Appeals Court Hears Proposition 8

A federal appeals court began considering Proposition 8, California’s ban on gay marriage today, reviewing Judge Vaughn Walker's ruling that it was unconstitutional. The Associated Press reports that the Proposition 8 defense was less than stellar.

The defenders of California's gay marriage ban took a pummeling during the first federal trial to explore the civil rights implications of outlawing same-sex marriages. They summoned only two witnesses, one of whom left the stand looking thrashed. Even the lead attorney was left groping for words when pressed to explain how allowing gays and lesbians to wed would undermine traditional unions.

If the courtroom had been a boxing ring, the referee would have called a knockout.

Yet lawyers for the ban's sponsors say their side was on the ropes for a reason: They disputed that live testimony and reams of evidence were relevant to a lawsuit against the voter-approved Proposition 8, so they did not provide it. In their view, the proceedings were a "a show trial," and they were willing to invite the unfavorable verdict they eventually got while betting they would win in a later round where the ground rules would be different.

The Wall Street Journal reports that the the case could also be appealed again to Ninth Circuit judges or to the Supreme Court, which would consider same-sex marriage for the first time. Court proceedings were televised on C-SPAN.

Update: Several evangelicals joined an interfaith statement released Monday by the U.S. Conference of Catholic Bishops describing marriage as "the permanent and faithful union of one man and one woman." The list of signers included the following:

Leith Anderson
President
National Association of Evangelicals

Dr. George O. Wood
General Superintendent
Assemblies of God

Dr. Richard Land
President
Southern Baptist Ethics & Religious Liberty Commission

Dr. Thomas E. Armiger
Dr. Jo Anne Lyon
Dr. Jerry G. Pence
The Board of General Superintendents
The Wesleyan Church

Dr. Gary M. Benedict
President
The Christian and Missionary Alliance

Glenn C. Burris Jr.
President
The Foursquare Church

The Most Rev. Robert Duncan
Archbishop, Anglican Church in North America
Bishop, Anglican Diocese of Pittsburgh

Bishop Harry Jackson
Senior Pastor, Hope Christian Church
Bishop, Fellowship of International Churches


Rev. Samuel Rodriguez
President
National Hispanic Christian Leadership Conference

Comments

Hey guys,

How about a post on the Dream ACT which is scheduled for a vote any day now. Many evangelical Christian leaders have come out in support of it but Christians on the ground think it's about supporting illegal behavior. About 2 million lives are on hold and I think this issue deserves a conversation.

Peace in Christ,
Carolyn K. Hyppolite

An interesting thought on the topic of Prop. 8: Barack Obama was indirectly responsible for its passing. I remember a news article from 2008 (you're welcome to search for it if you want, because I'm not going to try) which discussed his campaign to get African-Americans who would normally not vote to go out and vote for him. This was very successful in California. However, an interesting effect of this was that once these new voters read about Prop. 8, most voted for it, resulting in this legislation becoming law.
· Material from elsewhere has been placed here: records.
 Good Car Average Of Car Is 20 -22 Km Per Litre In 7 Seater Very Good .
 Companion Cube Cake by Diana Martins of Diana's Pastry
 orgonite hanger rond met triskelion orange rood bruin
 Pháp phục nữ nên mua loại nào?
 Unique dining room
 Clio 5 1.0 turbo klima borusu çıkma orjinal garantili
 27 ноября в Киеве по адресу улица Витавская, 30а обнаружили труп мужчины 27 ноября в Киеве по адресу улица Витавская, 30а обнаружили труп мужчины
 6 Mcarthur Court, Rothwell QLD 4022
The reason that proponents of prop 8 cannot make the case for how same sex marriage threatens conventional marriage is because it does not. I have been married for more than 58 years and no other marriage of any type has ever had a scintilla of effect on my marriage.
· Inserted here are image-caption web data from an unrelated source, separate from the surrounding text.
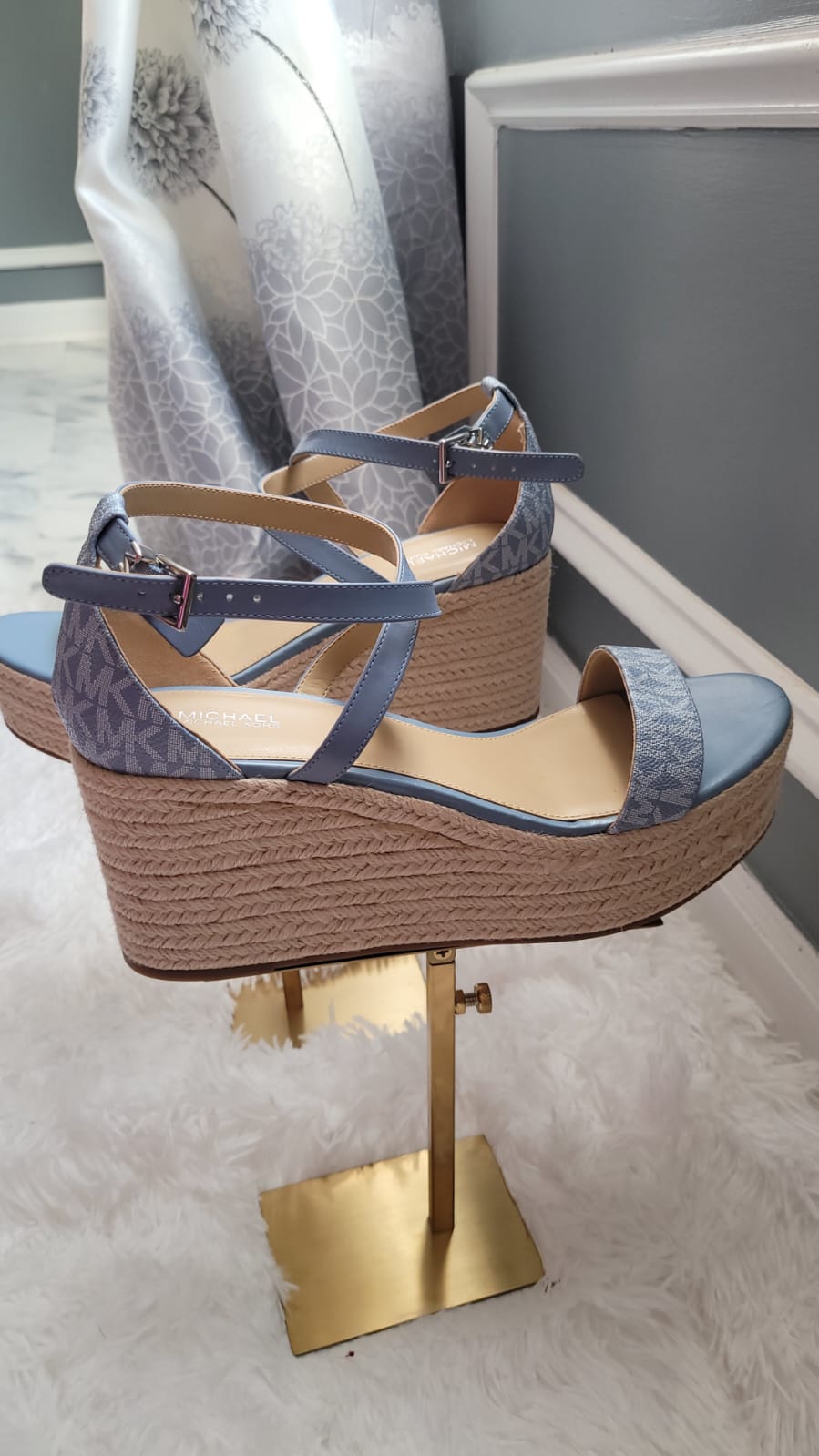 Compasse Michael Kors
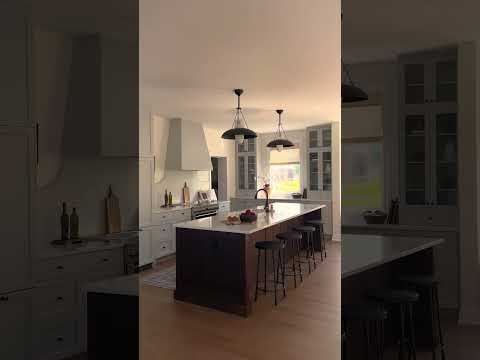 Pretty powder blue kitchen ☁️ #kitchendesign #interiordesignideas #homedecor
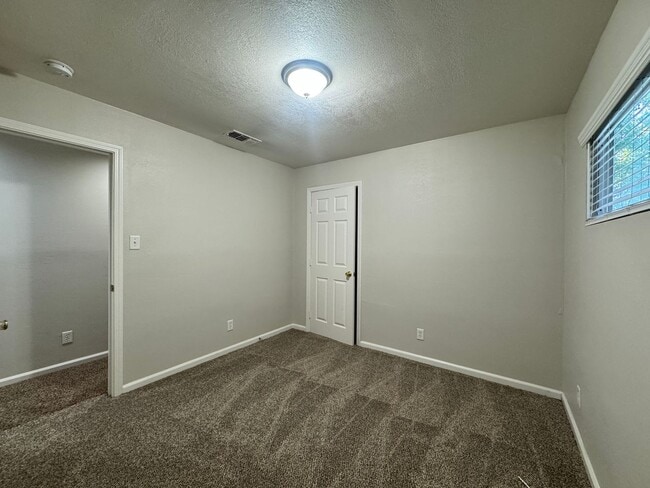Building Photo - 4112 43rd Ave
I suspect that those marriages that involve a homosexual individual who is in a heterosexual marriage (and we see them exposed frequently) would qualify as a traditional marriage that would be threatened by social, religious and legal acceptance of same sex marriage. Of course this would not be a valid reason to deny same sex marriage either.

The commentor that indicated that the presdent may have been responsible for the passage of prop 8 reminds of a joke going around that proports to describe the atmosphere under which the first African American president must work in. It demonstrates how many African Americans veiw their own "American experience." The joke goes something like this:

President Obama and the Pope are on a sailing cruise together and the Pope's hat is blown off into the water. The president then steps out of the boat, walks on the water, retrieves the Pope's hat, returns still walking on the water, gets back into the boat and gives the Pope his hat.
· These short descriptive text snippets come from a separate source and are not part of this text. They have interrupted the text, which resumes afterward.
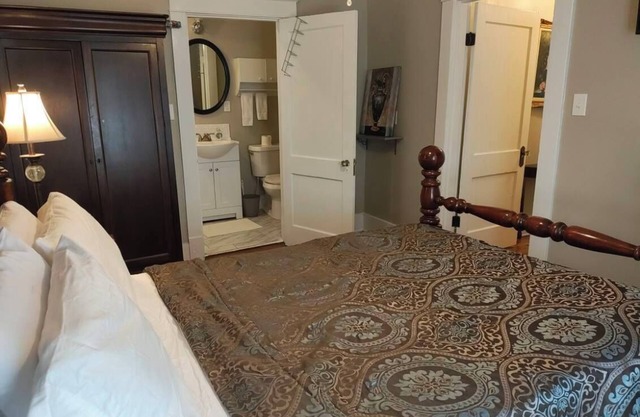 King / Queen 2bed, cuisine, patio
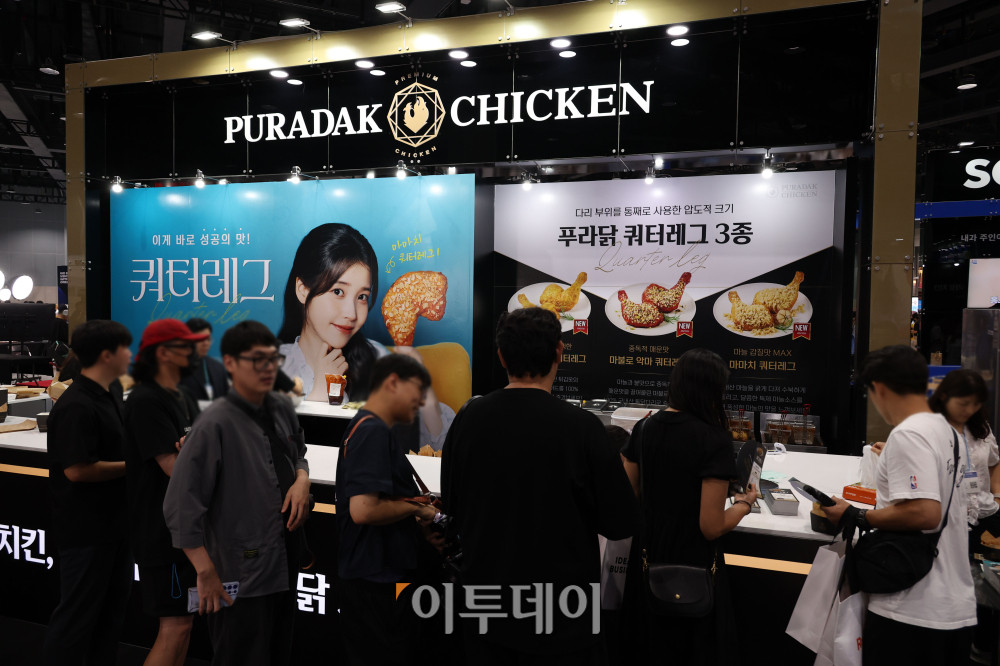 ▲28일 서울 마곡 코엑스 전시장에서 열린 ‘2026 크리에이터 미디어 대전’에서 관람객들이 이벤트에 참여하고 있다. ‘Creator Square, 모두의 창작이 모이는 광장’을 주제로 29일까지 열리는 이번 행사는 창작자와 팬, 브랜드가 한자리에 모여 만나고 교류하는 참여형 미디어 축제다. 고이란 기자 photoeran@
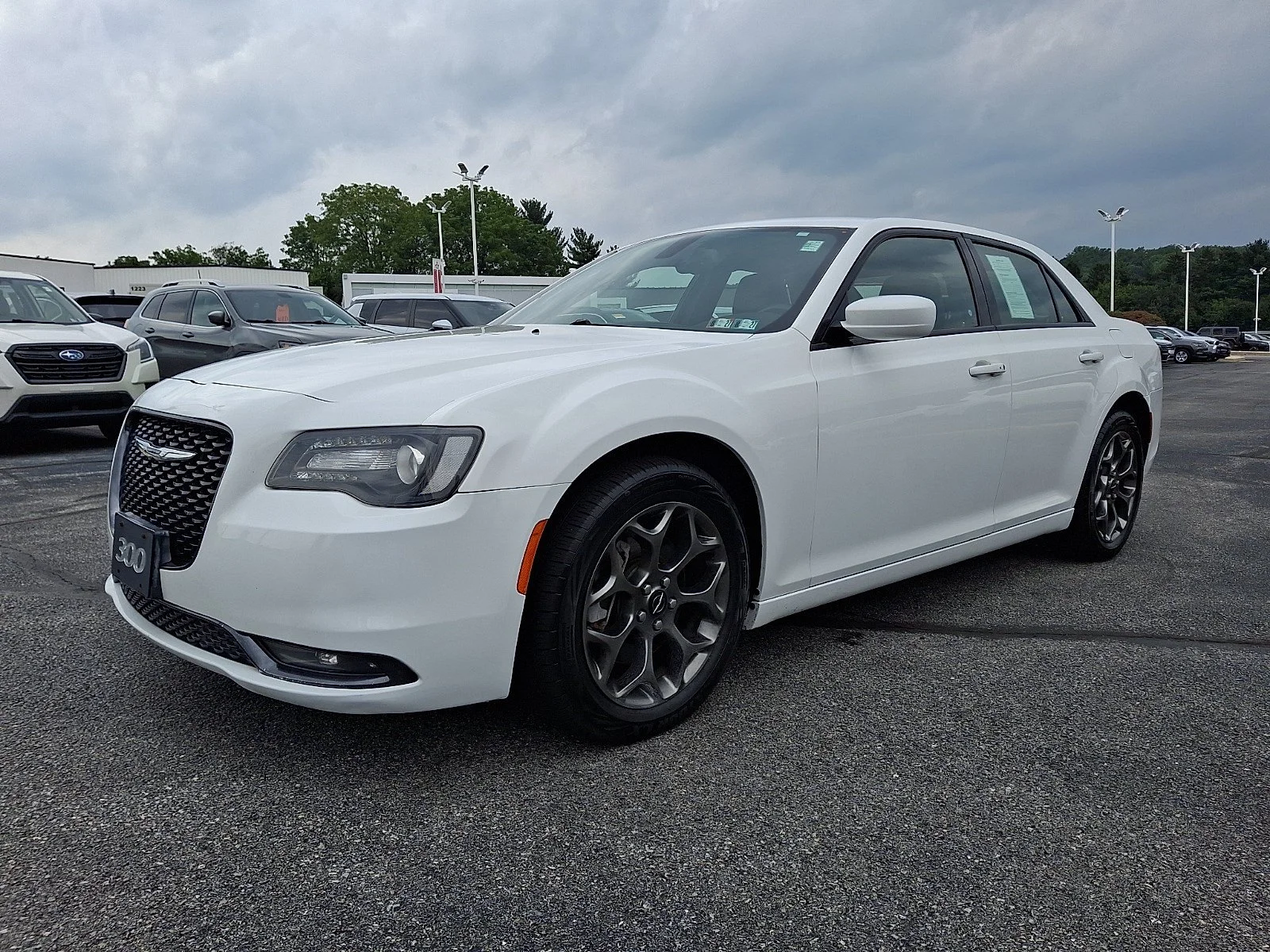 Used 2015 Bright White Clearcoat Chrysler 300S image 3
The next day ABC, CBS, NBC, CNN and FOX all carry the same headline: "Obama Can't Swim!"

@JG - It may be true that "no other marriage of any type has ever had a scintilla of effect on my marriage." Well, me either. But that doesn't mean we should just let whatever minority perversion gain constitutional approval. So let me ask you: would you object to polygamy? Or how about polyamorous marriage? Or how about if a dad wanted to marry his daughter? Or if a brother wanted to marry his sister? Or if a guy wanted to marry his pillow or a video game character? (both has happened in the last several years) Or how about someone wanting to marry his dog (this just did happen... a man in Queensland has married his dog...]
http://www.mcv.gaynewsnetwork.com.au/news/qld-man-ties-knot-with-dog-but-same-sex-couples-cant-wed-008243.html So is that okay with you? Is it okay that govt. legitimizes and then legalizes a perversion? Where does it end? I'll tell you this: any governing party in America that does this kind of foolishness will be out in one term or less.

@John Grayson, and the part about Obama walking on water could demonstrate how high of a pedestal the liberals have him on.